Of all the lines below, return only those starting with the line holding "Indian Terrain Classic" and going on through the line holding "Черная непринужденная пляжная", exactly as written.

§ MATERIAL TO PROCESS:
Content starts
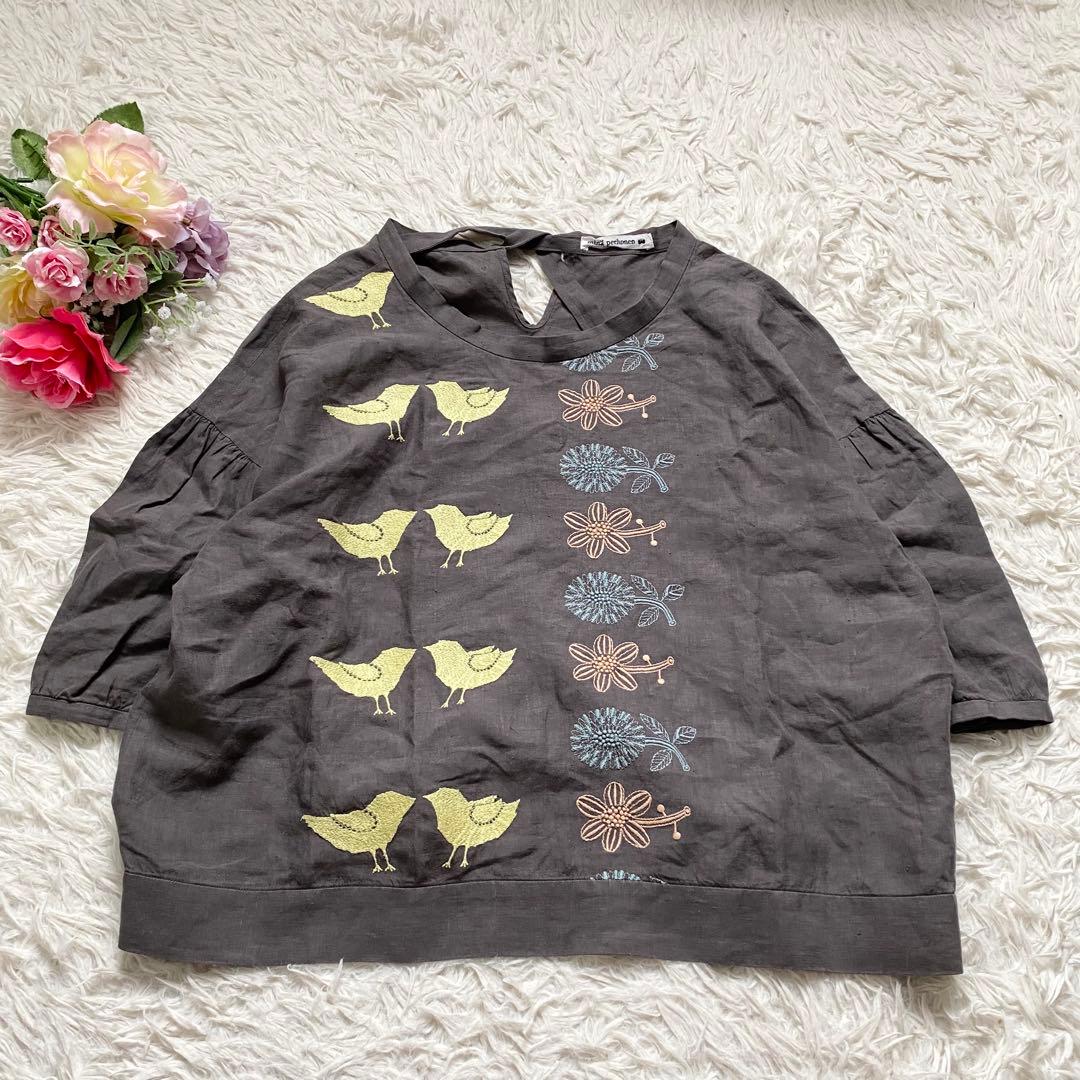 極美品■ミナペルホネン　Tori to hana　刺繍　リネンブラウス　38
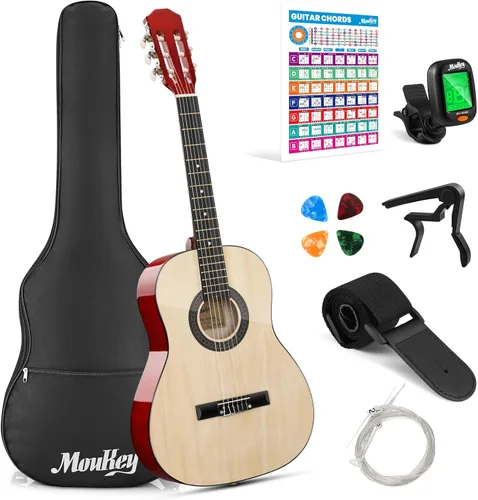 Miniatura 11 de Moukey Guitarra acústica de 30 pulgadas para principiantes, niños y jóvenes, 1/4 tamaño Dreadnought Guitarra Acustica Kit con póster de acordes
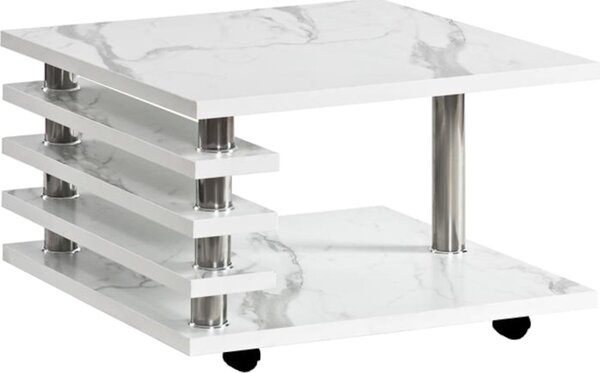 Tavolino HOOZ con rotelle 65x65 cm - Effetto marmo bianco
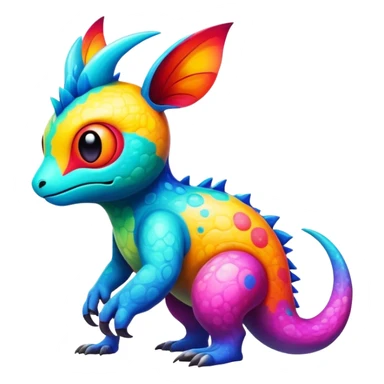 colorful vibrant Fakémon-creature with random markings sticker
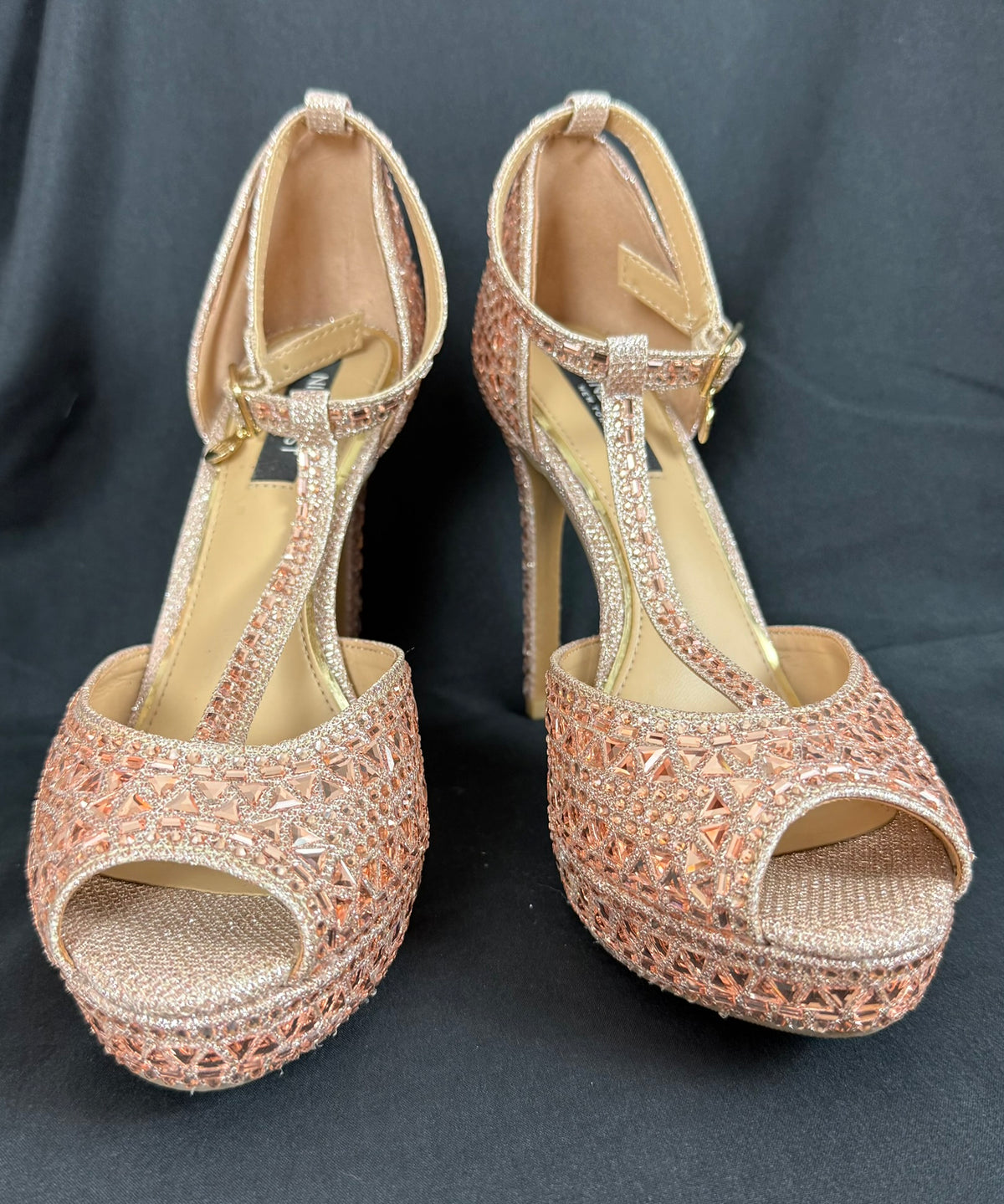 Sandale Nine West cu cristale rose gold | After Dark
Content ends
Content starts
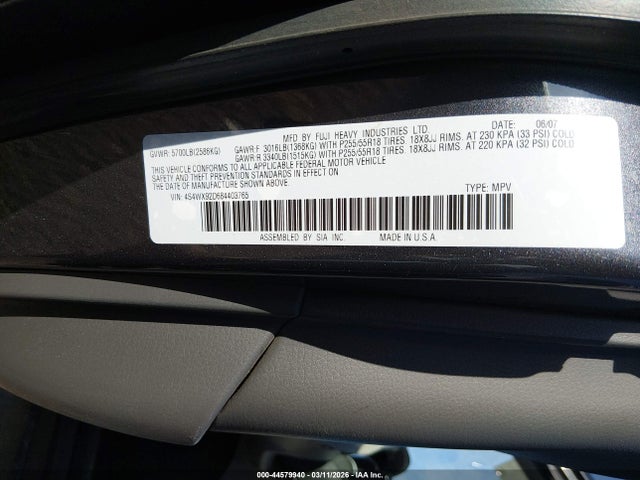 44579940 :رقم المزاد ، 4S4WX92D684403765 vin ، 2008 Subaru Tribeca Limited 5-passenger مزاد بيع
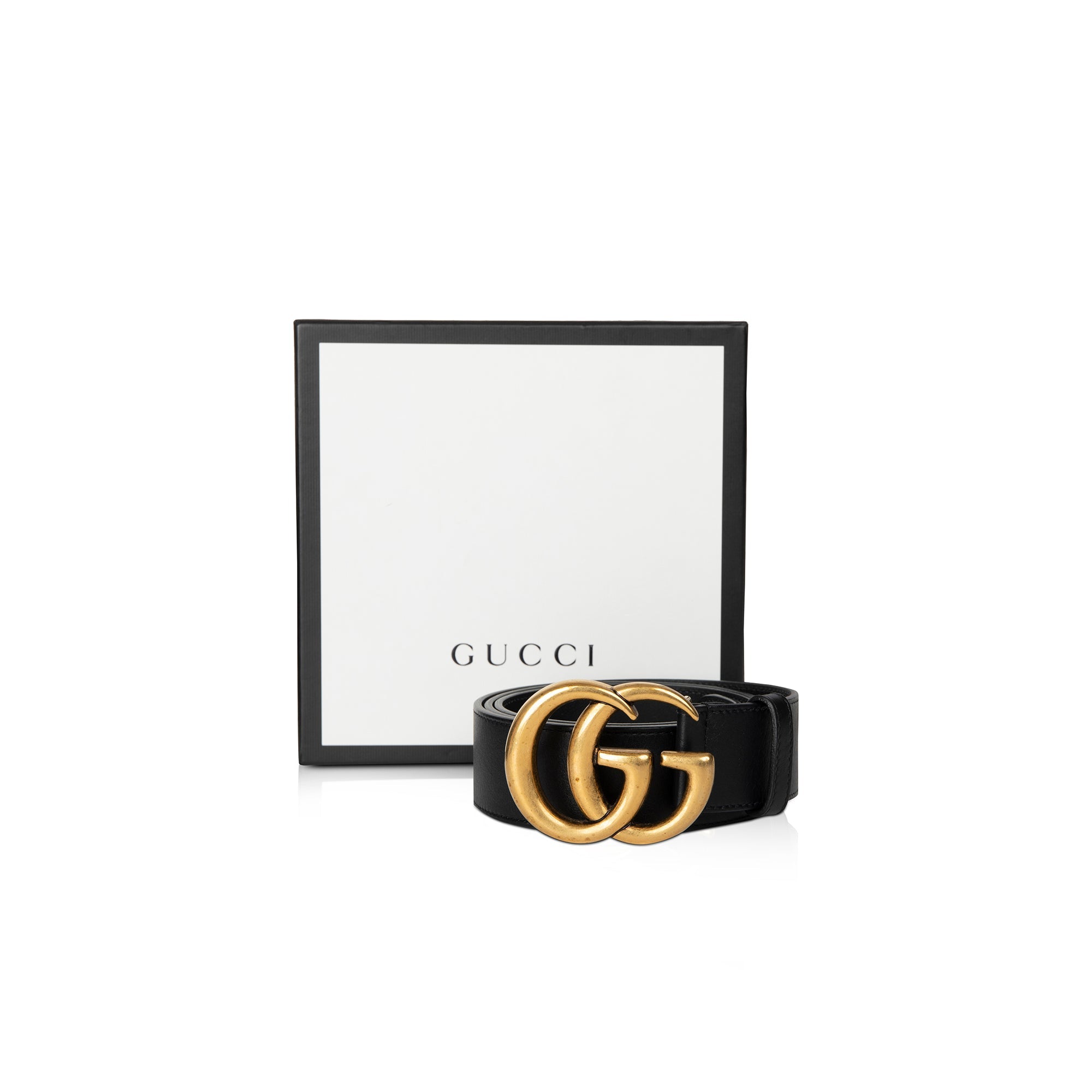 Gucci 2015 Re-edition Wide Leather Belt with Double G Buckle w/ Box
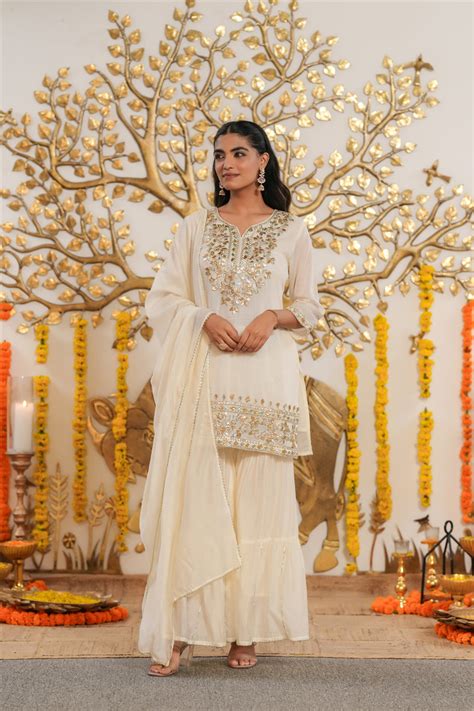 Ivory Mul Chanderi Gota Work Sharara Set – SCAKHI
Content ends
Content starts
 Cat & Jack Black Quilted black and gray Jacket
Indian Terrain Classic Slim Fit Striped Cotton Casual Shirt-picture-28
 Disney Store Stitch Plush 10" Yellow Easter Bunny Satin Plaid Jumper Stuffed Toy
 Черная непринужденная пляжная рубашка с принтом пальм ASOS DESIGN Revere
Content ends
§ FINISHED TASK:
Indian Terrain Classic Slim Fit Striped Cotton Casual Shirt-picture-28
 Disney Store Stitch Plush 10" Yellow Easter Bunny Satin Plaid Jumper Stuffed Toy
 Черная непринужденная пляжная рубашка с принтом пальм ASOS DESIGN Revere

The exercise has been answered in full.